BEGIN Provided material

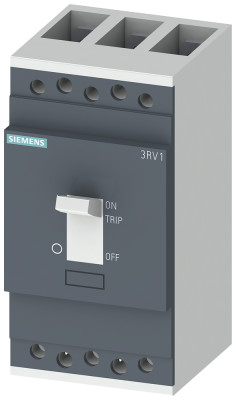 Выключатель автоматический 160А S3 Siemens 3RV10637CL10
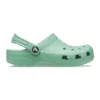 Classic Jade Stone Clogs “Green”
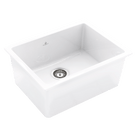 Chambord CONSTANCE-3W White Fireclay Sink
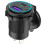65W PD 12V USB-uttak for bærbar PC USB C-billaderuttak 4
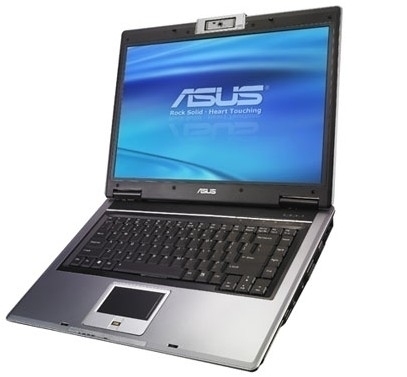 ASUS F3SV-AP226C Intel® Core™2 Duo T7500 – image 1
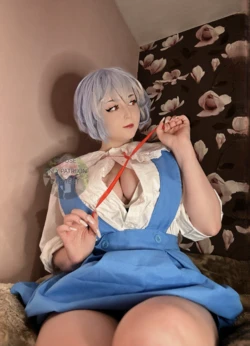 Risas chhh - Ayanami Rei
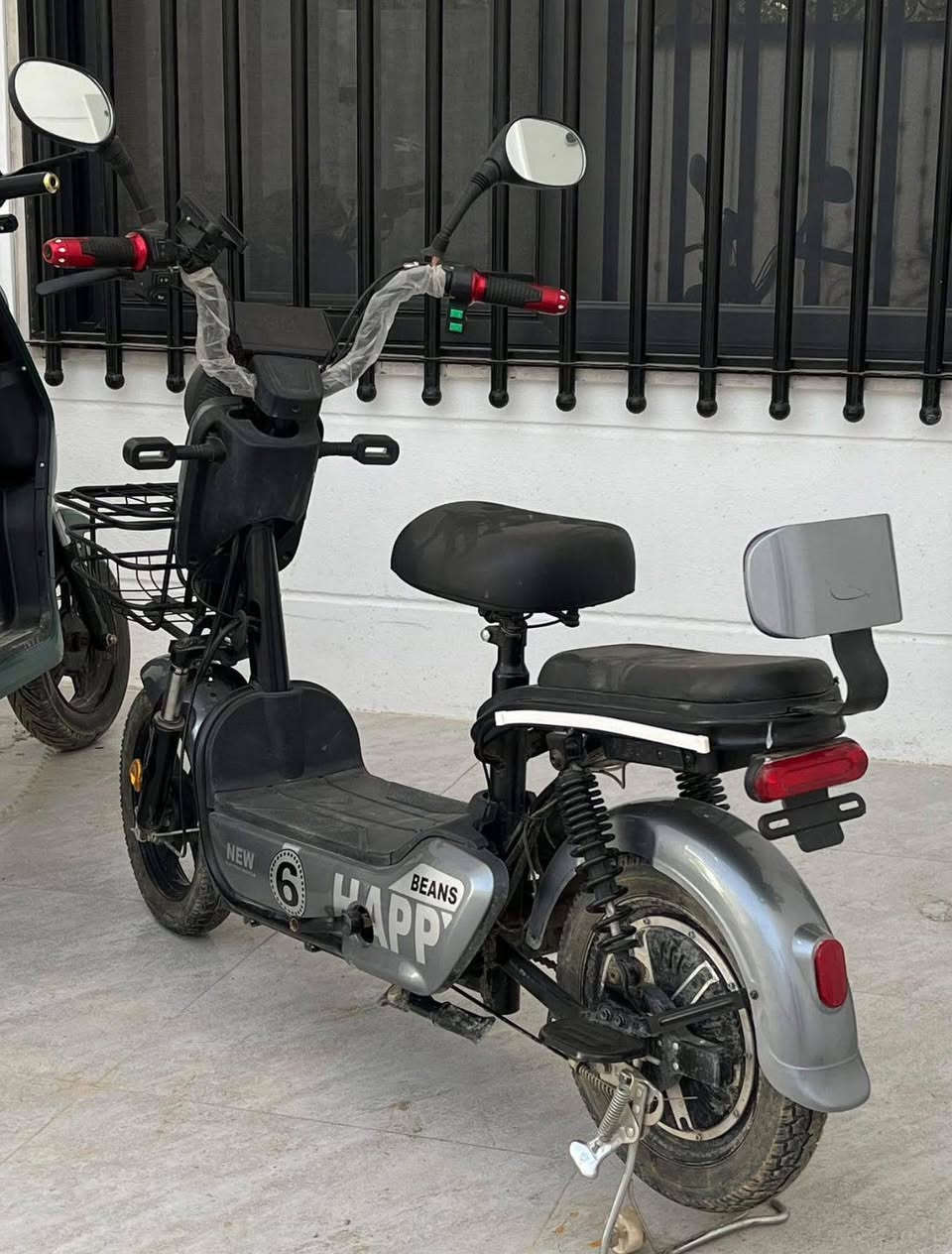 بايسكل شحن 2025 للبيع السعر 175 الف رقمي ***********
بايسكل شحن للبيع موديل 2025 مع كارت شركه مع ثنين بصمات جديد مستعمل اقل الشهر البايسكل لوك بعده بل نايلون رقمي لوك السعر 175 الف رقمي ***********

END Provided material

-- Problem details --
Exactly as they appear, repeat the lines from the one containing "بايسكل شحن 2025" through the last line of the entries, counting both ends. Pictures stay out.

-- Result --
 بايسكل شحن 2025 للبيع السعر 175 الف رقمي ***********
بايسكل شحن للبيع موديل 2025 مع كارت شركه مع ثنين بصمات جديد مستعمل اقل الشهر البايسكل لوك بعده بل نايلون رقمي لوك السعر 175 الف رقمي ***********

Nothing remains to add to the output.